Let's Explore Diabetes With Owls by David Sedaris Review


The hi-larious humorist David Sedaris returns for another collection of rib-tickling, side-splitting… ok, enough of that! But Let’s Explore Diabetes with Owls isn’t a bad read and a few of the essays had me LOL-ing hard though it’s definitely not as consistently good as his other books. 

His Homer Simpson-ish dad steals the show whenever he crops up, thundering about David’s childhood home in his underpants with a drink in his hand. In Attaboy, he chokes out a neighbourhood boy he wrongly mistakes for having called his wife a bitch, but, hey, it was the late ‘60s/early ’70s and that’s just how parenting was! And the kid got some shit ice-cream so fair’s fair! 

Standing Still was my favourite story. David’s sister Gretchen is almost raped walking home late at night and, during the police interview, they ask if her attacker was wearing short or long pants. She says long. Sedaris writes “My father slapped his palm on the tabletop. ‘There you go,’ he said. ‘NOW we’re getting somewhere!’” before buying a baseball bat and prowling the neighbourhood in his car seeing if he can catch his daughter’s would-be rapist himself (a situation made all the more loaded by the fact that it was a black man and this was in North Carolina!). 
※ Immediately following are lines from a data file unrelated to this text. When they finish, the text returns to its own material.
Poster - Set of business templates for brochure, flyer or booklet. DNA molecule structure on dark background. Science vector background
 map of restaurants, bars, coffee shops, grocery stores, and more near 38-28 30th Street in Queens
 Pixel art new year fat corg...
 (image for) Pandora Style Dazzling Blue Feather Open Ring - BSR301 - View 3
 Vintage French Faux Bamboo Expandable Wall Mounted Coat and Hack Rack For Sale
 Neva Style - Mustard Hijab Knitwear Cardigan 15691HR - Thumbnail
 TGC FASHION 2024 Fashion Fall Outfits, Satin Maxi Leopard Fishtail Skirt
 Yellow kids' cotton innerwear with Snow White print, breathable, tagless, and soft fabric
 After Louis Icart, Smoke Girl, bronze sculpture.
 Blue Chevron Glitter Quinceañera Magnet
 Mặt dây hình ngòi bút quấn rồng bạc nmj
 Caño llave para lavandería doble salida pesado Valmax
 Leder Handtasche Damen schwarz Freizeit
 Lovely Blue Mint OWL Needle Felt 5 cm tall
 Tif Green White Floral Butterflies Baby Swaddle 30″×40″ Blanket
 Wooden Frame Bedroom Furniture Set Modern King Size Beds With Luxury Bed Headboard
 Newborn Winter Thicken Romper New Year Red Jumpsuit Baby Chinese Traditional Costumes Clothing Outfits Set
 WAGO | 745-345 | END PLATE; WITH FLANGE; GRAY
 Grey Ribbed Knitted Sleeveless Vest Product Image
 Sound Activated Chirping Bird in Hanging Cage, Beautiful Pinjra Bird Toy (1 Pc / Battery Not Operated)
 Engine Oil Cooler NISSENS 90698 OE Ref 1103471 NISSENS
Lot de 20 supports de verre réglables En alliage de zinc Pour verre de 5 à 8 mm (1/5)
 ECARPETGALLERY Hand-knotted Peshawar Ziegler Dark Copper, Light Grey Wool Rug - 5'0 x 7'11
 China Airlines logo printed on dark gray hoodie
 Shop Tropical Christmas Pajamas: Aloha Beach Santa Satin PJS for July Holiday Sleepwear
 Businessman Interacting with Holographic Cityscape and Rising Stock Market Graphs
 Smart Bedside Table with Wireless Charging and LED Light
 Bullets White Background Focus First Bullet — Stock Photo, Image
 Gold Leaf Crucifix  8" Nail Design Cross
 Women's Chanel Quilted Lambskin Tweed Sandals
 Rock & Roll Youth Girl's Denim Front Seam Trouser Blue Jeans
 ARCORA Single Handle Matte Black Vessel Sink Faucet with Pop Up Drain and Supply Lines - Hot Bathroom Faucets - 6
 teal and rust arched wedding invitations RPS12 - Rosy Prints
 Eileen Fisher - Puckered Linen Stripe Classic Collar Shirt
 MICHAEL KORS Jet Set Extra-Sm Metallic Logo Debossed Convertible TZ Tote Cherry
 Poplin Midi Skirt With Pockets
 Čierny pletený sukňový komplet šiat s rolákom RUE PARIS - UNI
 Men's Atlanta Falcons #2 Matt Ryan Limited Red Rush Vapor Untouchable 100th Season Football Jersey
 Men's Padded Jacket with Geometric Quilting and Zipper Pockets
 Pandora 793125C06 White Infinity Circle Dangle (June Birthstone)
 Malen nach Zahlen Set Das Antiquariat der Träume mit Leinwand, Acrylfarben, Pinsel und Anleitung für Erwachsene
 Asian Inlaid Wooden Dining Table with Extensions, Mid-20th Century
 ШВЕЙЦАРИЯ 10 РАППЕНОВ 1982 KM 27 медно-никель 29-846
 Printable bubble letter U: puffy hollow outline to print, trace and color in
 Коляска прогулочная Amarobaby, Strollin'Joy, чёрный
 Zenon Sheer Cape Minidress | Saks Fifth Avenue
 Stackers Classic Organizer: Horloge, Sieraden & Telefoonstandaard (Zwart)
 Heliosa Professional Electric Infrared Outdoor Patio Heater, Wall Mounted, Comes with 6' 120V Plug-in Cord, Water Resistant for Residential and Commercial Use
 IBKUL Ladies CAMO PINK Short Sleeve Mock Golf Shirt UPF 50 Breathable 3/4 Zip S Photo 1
Easy, Tiger also made me laugh as Sedaris reviews the differences between learning Japanese and German languages on tape. This scenario appears on both: a wife announces to her husband that she wants to buy something - in the Japanese one, the husband asks her how much she has, she tells him, he offers to increase it; on the German one the husband replies coldly “I’m not giving you any more. You have enough.” Oh, Germany! 

That said, most of the essays are fairly ordinary and unmemorable without anything funny or impressive happening. It’s very noticeable that the best stuff is largely from Sedaris’ childhood/wayward youth while his recent stuff isn’t nearly as interesting. It’s like a successful band who spent years crafting their first record and made it big then their second album is all uninspired guff about the road and hotels; most of Sedaris’ recent essays are about going on book tours and travel, while the ones that aren’t - going to the dentist, getting a colonoscopy, buying a stuffed owl, getting into picking up litter - are equally humdrum and mundane with just the occasional sparkling sentence to tide you by (from the essay, Rubbish: “My arms are scratched from reaching into blackberry bushes for empty potato chip bags, of which there are a never-ending supply, potato chips in the UK being like meals in space. ‘Argentinean Flame Grilled Steak’ a bag will read, or the new ‘Cajun Squirrel.’” - as a Brit I can confirm this is a very wry, very true observation of the insane variety of crisp flavours!) 

Also included are six fictional monologues dotted throughout, all of which are mega-crappy and added nothing. Most are predictably liberal caricatures of conservative stereotypes - easy, unimaginative targets to make fun of. These were definitely the worst parts of the book. It’s no surprise Sedaris made his name with nonfiction if this is the quality of his fiction. 

There’s enough decent material here to make reading it worthwhile for most David Sedaris fans, and the book as a whole is well-written and easy to read, so Let’s Explore Diabetes with Owls is a decent-enough read. But I definitely think that unfortunately at this point we’ve seen his best stuff in his earlier, far funnier, books and the occasional gems amidst the growing amount of dross is the most we can expect from him going forward.